This sanction, the heaviest that the prison authorities can impose, lasts for a maximum of 45 days for first-degree misdemeanours (there are three degrees, the first being the most serious, the second intermediate and the third the least serious).

The action is taken by a disciplinary body: the disciplinary commission, or, in prisoners’ slang, the "Star Chamber”. This is chaired by the prison governor or his representative, with two assessors who are warders. A file of several pages, headed “Incident report”, is written by a warder, often the victim of the action in question. The prisoner is asked to give his explanations, his lawyer, if he has one, is heard, and the decision is given after a short deliberation.
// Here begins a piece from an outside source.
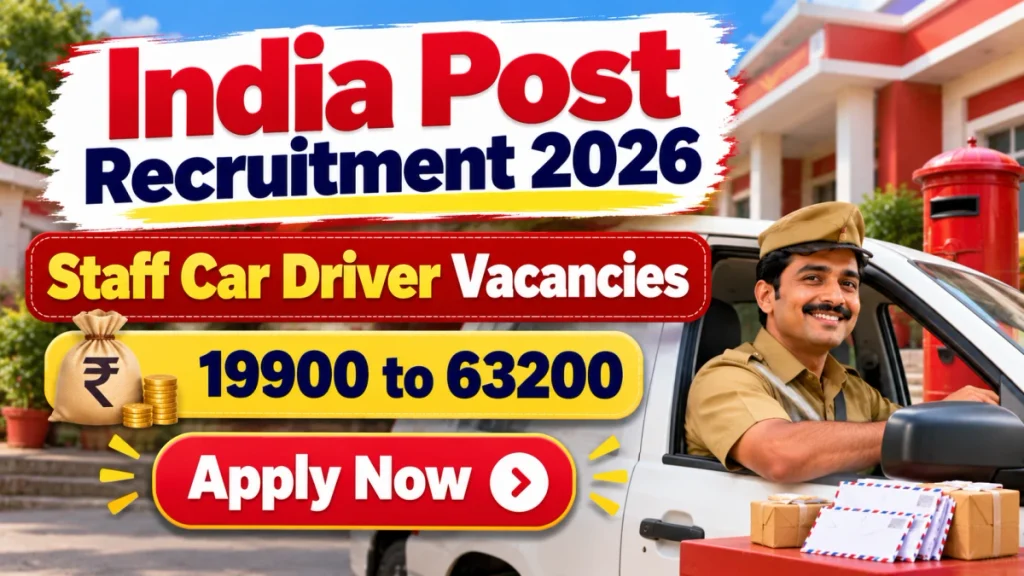 India Post Staff Car Driver Recruitment 2026 - Apply Offline for 24 Posts India Post Car Driver Recruitment 2026 - Apply Offline for 24 Posts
The hearing takes place inside the prison; this being– in the case of newer prisons such as Fleury, Mérogis, or Nanterre, where lawyers’ consulting rooms are outside- the only time we are allowed inside the secure area. (Older prisons such as La Santé or Fresnes have no provision to consult away from prying eyes.)

The least that can be said is that it is quick and efficient.

And, would you believe…?

Until 1995, these decisions were authorised by an administrative official responsible for “measures for internal order”, and not subject to legal review by a judge. Who should get the credit, Edouard Balladur or Alain Juppé? Neither, it was actually the Conseil d'Etat , by two arrêts (Note: nearest equivalent is probably Statutory Instruments) , Hardouin and Marie (17th Feb 1995) (http://tinyurl.com/4yrkhj ) which ended this scandalous state of affairs. True, the review falls in the administrative (civil) jurisdiction, which will take two years to reach a judgement, well after the 45 days are up; but referral to this process allows a rapid stay of the process when a measure is of doubtful legality.

There’s more.

Until 2000, the inmate had a right to the help of a lawyer. The “Star Chambers” before then were stressful occasions. The inmates, often intellectually limited, were left to their own devices, and felt they had no say in the process. This feeling may have been well-founded, according to a colleague of mine who did a placement at Fleury during her legal training. Should we credit Lionel Jospin for this step forward in the defence’s rights? That would not be justified; it was a legislative oversight. Jospin’s Government passed Law number 2000-321 of 12th April 2000, concerning the rights of citizens in their dealings with the state (http://tinyurl.com/3seduw ). Article 24 of this law, which is still in effect, specified that any person who is subject to an individual decision, not at their instigation, and which constitutes a sanction, is entitled to the help of a lawyer. The parliamentary debates show that the legislature did not have in mind disciplinary commissions consisting of civil servants. But the law did not make any such distinction, and lawyers insisted it should apply to “Star Chambers” in prisons. At first the government said no, this text did not apply to “Star Chambers”, because this was not what the legislature had intended. This was true, but it was not what had been written. It took an opinion of the Conseil d’Etat on 3rd October 2000 to make the government accept the evidence and realise its terrible mistake- without having meant to, it had extended freedom.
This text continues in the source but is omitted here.